Chapter 25 — DataSims: A Simulated Enterprise for Agent Evaluation #
"All models are wrong, but some are useful." -- George Box
📖 25 min read | 👤 Dr. Chen (Researcher), David (VP Data), All personas | 🏷️ Part VII: Proof
What you'll learn:
- Why a simulated enterprise is necessary for rigorous agent evaluation
- The SimShop platform: 164 tables, 12 schemas, 15 ETL pipelines
- The 10 controlled data quality issues and why each exists
- The Docker architecture: 10 services working together
- How to set up the environment and run your own experiments
The Problem: How Do You Test an Orchestra? #
Dr. Chen, the researcher, faces a fundamental challenge. She wants to evaluate the Neam agent stack -- but on what? Production data is confidential, messy, and unreproducible. Toy datasets are too simple to stress-test multi-agent coordination. Academic benchmarks test individual capabilities, not lifecycle orchestration.

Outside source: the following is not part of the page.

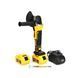 Болгарка DeWalt Аккумуляторная DCG409P2 (36V / 6AH) +АКБ УШМ Деволт с регулятором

She needs something that does not exist in the literature: a complete, realistic, controlled, reproducible enterprise data environment where she can run experiments, ablate components, and measure outcomes with statistical rigor.
DataSims is that environment.
What Is DataSims? #
DataSims is a fully containerized simulation of a mid-size e-commerce company called SimShop. It provides everything a real enterprise data platform would have -- databases, ETL pipelines, ML infrastructure, metadata governance, monitoring -- but in a controlled environment where every variable is known and every experiment is reproducible.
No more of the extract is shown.